╭──

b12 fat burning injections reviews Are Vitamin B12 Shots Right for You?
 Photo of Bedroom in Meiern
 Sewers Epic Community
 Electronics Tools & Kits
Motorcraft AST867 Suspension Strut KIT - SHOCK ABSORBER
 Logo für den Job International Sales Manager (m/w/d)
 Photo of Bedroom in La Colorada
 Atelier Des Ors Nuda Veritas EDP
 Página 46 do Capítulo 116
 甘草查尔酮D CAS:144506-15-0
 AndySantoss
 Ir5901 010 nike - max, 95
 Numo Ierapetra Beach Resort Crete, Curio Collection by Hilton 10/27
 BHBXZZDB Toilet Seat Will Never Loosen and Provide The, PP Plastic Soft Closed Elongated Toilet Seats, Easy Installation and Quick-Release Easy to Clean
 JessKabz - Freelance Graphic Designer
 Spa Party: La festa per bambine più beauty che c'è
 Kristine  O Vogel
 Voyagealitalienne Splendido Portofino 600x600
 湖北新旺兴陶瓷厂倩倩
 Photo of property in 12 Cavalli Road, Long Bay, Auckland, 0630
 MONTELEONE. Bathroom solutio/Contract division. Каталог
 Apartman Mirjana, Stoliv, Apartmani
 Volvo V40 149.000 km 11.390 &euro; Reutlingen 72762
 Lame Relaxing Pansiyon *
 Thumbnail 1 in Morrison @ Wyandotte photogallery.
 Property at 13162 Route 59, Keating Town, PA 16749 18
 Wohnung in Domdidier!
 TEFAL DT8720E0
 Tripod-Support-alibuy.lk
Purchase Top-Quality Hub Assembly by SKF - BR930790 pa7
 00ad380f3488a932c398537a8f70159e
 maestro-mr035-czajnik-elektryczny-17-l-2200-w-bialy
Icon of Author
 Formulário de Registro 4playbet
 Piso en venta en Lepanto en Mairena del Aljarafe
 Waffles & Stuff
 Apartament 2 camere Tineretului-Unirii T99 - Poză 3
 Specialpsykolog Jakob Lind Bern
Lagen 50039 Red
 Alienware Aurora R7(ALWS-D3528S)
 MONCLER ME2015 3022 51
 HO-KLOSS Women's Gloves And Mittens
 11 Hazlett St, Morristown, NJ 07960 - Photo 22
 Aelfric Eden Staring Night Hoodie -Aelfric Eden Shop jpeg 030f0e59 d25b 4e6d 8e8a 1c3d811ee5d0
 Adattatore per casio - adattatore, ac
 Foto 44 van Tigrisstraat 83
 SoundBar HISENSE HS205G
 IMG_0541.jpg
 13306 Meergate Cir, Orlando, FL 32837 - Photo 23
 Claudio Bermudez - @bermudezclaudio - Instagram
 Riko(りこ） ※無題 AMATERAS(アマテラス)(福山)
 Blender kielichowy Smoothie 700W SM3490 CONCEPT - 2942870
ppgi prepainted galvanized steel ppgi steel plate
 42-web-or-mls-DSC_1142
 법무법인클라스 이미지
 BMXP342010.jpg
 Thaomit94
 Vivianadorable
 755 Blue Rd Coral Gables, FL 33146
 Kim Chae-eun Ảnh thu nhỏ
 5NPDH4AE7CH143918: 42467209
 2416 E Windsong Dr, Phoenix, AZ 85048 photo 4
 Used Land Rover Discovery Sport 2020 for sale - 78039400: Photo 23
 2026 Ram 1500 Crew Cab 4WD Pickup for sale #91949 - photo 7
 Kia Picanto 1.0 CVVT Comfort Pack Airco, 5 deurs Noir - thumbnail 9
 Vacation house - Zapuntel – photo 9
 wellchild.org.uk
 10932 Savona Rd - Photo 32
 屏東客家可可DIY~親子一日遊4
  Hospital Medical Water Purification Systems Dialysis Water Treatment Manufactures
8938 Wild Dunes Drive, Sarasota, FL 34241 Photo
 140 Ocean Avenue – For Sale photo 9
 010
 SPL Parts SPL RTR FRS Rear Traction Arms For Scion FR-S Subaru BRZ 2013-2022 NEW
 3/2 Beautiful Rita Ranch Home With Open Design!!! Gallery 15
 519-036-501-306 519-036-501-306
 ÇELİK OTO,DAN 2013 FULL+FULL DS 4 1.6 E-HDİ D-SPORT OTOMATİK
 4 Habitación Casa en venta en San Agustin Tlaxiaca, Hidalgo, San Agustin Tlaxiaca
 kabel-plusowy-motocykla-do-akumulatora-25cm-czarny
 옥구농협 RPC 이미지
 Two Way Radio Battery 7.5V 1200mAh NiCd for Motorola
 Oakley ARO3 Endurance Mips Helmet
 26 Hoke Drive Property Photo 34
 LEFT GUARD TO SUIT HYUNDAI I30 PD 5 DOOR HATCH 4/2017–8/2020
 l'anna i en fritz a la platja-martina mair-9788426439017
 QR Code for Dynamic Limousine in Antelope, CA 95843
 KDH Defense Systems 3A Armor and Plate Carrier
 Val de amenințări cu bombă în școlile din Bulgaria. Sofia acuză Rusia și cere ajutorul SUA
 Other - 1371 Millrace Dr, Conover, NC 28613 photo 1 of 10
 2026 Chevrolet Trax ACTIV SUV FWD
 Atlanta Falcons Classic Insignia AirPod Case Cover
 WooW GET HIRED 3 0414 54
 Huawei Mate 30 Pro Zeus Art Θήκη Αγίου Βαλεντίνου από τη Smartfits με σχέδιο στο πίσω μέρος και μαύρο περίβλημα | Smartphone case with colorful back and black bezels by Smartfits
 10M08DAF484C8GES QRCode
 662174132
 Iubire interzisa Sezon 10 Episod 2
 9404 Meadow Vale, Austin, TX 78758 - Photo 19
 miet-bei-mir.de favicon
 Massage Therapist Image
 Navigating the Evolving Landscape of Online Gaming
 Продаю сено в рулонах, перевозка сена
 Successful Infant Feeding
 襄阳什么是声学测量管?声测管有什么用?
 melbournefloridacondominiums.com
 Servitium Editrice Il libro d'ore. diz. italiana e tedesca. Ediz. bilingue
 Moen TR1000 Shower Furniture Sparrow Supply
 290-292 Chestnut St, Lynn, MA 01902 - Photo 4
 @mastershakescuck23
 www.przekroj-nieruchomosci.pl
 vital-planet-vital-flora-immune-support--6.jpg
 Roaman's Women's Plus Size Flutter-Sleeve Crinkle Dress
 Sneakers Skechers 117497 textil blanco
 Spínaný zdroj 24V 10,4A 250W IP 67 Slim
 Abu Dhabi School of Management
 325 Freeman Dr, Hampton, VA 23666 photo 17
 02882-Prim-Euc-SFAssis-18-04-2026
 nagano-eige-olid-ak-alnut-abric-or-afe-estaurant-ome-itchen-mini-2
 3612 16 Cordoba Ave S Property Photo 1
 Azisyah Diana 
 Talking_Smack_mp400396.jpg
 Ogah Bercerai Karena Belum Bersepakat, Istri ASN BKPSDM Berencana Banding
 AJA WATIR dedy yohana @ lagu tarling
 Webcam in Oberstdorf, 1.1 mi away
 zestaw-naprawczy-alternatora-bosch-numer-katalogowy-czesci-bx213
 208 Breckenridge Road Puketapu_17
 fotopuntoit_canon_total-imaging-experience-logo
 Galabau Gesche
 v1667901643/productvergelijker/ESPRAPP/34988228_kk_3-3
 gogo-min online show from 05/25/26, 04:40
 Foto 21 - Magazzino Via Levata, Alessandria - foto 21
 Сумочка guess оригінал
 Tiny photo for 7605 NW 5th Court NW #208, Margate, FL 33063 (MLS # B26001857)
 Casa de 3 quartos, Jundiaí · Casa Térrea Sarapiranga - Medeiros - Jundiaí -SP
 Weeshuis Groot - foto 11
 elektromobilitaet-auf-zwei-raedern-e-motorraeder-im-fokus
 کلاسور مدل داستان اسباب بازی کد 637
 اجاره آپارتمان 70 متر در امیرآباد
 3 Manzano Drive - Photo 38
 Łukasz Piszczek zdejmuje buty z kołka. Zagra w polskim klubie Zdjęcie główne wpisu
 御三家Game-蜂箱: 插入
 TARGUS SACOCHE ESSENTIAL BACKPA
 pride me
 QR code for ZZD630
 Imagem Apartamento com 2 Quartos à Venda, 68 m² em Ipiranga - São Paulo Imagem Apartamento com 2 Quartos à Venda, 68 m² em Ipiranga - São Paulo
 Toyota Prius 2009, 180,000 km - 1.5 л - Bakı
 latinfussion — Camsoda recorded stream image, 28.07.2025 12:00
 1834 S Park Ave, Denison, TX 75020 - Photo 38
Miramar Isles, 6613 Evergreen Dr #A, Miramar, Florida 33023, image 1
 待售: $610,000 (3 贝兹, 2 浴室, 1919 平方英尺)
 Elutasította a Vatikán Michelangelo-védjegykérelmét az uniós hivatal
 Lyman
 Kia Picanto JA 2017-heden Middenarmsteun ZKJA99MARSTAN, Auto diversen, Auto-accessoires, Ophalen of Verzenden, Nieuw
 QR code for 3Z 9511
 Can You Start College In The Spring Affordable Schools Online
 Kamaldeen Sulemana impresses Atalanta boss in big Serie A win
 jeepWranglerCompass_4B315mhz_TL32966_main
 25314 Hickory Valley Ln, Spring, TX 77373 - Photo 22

╰──

What the task asks:
Looking at the entries, state how many lines hold the string "Spring", with the number as the sole reply.

Task result:
2